[Work to complete]
Could you output every record again, exactly as given?

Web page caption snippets
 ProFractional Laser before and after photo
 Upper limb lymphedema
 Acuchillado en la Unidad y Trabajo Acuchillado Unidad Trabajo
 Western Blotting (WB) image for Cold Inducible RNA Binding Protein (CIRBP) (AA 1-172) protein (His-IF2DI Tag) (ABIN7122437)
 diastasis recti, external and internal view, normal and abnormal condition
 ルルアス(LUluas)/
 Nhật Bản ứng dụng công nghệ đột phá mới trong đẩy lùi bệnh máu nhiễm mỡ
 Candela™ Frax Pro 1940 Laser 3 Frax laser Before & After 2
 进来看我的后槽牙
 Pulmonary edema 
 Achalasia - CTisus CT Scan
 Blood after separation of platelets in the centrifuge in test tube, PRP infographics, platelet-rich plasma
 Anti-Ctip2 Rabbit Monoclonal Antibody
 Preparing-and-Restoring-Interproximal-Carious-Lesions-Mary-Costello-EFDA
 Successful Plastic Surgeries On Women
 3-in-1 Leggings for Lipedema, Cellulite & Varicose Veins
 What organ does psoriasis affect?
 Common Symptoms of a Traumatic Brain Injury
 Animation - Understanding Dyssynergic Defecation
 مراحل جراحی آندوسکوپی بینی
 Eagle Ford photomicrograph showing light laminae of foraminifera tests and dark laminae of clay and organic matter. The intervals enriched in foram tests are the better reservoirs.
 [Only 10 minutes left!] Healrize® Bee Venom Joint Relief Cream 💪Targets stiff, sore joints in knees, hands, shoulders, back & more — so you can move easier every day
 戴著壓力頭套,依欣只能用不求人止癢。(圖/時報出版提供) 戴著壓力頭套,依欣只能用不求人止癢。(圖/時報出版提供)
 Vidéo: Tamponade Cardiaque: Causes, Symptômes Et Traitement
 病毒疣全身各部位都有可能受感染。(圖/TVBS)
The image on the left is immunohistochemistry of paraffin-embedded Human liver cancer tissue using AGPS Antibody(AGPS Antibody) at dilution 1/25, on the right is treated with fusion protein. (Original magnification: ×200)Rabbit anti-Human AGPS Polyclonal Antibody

[Task response]
 ProFractional Laser before and after photo
 Upper limb lymphedema
 Acuchillado en la Unidad y Trabajo Acuchillado Unidad Trabajo
 Western Blotting (WB) image for Cold Inducible RNA Binding Protein (CIRBP) (AA 1-172) protein (His-IF2DI Tag) (ABIN7122437)
 diastasis recti, external and internal view, normal and abnormal condition
 ルルアス(LUluas)/
 Nhật Bản ứng dụng công nghệ đột phá mới trong đẩy lùi bệnh máu nhiễm mỡ
 Candela™ Frax Pro 1940 Laser 3 Frax laser Before & After 2
 进来看我的后槽牙
 Pulmonary edema 
 Achalasia - CTisus CT Scan
 Blood after separation of platelets in the centrifuge in test tube, PRP infographics, platelet-rich plasma
 Anti-Ctip2 Rabbit Monoclonal Antibody
 Preparing-and-Restoring-Interproximal-Carious-Lesions-Mary-Costello-EFDA
 Successful Plastic Surgeries On Women
 3-in-1 Leggings for Lipedema, Cellulite & Varicose Veins
 What organ does psoriasis affect?
 Common Symptoms of a Traumatic Brain Injury
 Animation - Understanding Dyssynergic Defecation
 مراحل جراحی آندوسکوپی بینی
 Eagle Ford photomicrograph showing light laminae of foraminifera tests and dark laminae of clay and organic matter. The intervals enriched in foram tests are the better reservoirs.
 [Only 10 minutes left!] Healrize® Bee Venom Joint Relief Cream 💪Targets stiff, sore joints in knees, hands, shoulders, back & more — so you can move easier every day
 戴著壓力頭套,依欣只能用不求人止癢。(圖/時報出版提供) 戴著壓力頭套,依欣只能用不求人止癢。(圖/時報出版提供)
 Vidéo: Tamponade Cardiaque: Causes, Symptômes Et Traitement
 病毒疣全身各部位都有可能受感染。(圖/TVBS)
The image on the left is immunohistochemistry of paraffin-embedded Human liver cancer tissue using AGPS Antibody(AGPS Antibody) at dilution 1/25, on the right is treated with fusion protein. (Original magnification: ×200)Rabbit anti-Human AGPS Polyclonal Antibody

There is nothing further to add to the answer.